* _Action item_
Of the entries below, return exactly those lines that fall between the one containing "Day in Motel" and the one containing "Book yachts online", the two end lines included.

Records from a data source
Start of Block

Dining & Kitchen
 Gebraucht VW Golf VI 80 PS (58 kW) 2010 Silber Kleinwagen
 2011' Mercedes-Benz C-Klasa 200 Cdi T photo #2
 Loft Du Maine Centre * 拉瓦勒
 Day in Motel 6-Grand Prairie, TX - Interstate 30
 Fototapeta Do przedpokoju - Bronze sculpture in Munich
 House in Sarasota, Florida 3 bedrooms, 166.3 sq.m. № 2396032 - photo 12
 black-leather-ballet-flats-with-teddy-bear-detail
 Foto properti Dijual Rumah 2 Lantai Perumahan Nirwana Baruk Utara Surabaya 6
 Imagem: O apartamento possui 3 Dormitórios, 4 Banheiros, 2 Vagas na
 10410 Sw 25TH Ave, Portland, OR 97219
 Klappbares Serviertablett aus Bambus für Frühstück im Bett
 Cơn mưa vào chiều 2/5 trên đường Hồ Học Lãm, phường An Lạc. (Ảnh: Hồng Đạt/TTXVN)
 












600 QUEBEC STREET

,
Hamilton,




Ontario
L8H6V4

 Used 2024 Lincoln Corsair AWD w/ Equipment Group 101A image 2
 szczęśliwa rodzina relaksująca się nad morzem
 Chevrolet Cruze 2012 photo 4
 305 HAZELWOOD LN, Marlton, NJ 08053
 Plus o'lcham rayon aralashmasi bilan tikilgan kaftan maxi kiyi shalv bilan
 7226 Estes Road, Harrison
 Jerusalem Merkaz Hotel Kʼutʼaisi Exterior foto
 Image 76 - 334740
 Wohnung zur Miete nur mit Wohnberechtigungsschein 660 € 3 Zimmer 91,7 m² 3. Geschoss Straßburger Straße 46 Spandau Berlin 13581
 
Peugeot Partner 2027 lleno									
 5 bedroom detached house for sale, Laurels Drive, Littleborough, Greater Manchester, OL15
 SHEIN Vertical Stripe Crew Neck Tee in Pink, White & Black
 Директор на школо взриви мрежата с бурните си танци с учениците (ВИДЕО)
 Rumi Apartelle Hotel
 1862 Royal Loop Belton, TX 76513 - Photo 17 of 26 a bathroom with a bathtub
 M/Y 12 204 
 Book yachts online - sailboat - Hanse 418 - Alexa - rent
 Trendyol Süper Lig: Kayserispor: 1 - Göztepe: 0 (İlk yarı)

End of Block

* _Your solution_
 Day in Motel 6-Grand Prairie, TX - Interstate 30
 Fototapeta Do przedpokoju - Bronze sculpture in Munich
 House in Sarasota, Florida 3 bedrooms, 166.3 sq.m. № 2396032 - photo 12
 black-leather-ballet-flats-with-teddy-bear-detail
 Foto properti Dijual Rumah 2 Lantai Perumahan Nirwana Baruk Utara Surabaya 6
 Imagem: O apartamento possui 3 Dormitórios, 4 Banheiros, 2 Vagas na
 10410 Sw 25TH Ave, Portland, OR 97219
 Klappbares Serviertablett aus Bambus für Frühstück im Bett
 Cơn mưa vào chiều 2/5 trên đường Hồ Học Lãm, phường An Lạc. (Ảnh: Hồng Đạt/TTXVN)
 












600 QUEBEC STREET

,
Hamilton,




Ontario
L8H6V4

 Used 2024 Lincoln Corsair AWD w/ Equipment Group 101A image 2
 szczęśliwa rodzina relaksująca się nad morzem
 Chevrolet Cruze 2012 photo 4
 305 HAZELWOOD LN, Marlton, NJ 08053
 Plus o'lcham rayon aralashmasi bilan tikilgan kaftan maxi kiyi shalv bilan
 7226 Estes Road, Harrison
 Jerusalem Merkaz Hotel Kʼutʼaisi Exterior foto
 Image 76 - 334740
 Wohnung zur Miete nur mit Wohnberechtigungsschein 660 € 3 Zimmer 91,7 m² 3. Geschoss Straßburger Straße 46 Spandau Berlin 13581
 
Peugeot Partner 2027 lleno									
 5 bedroom detached house for sale, Laurels Drive, Littleborough, Greater Manchester, OL15
 SHEIN Vertical Stripe Crew Neck Tee in Pink, White & Black
 Директор на школо взриви мрежата с бурните си танци с учениците (ВИДЕО)
 Rumi Apartelle Hotel
 1862 Royal Loop Belton, TX 76513 - Photo 17 of 26 a bathroom with a bathtub
 M/Y 12 204 
 Book yachts online - sailboat - Hanse 418 - Alexa - rent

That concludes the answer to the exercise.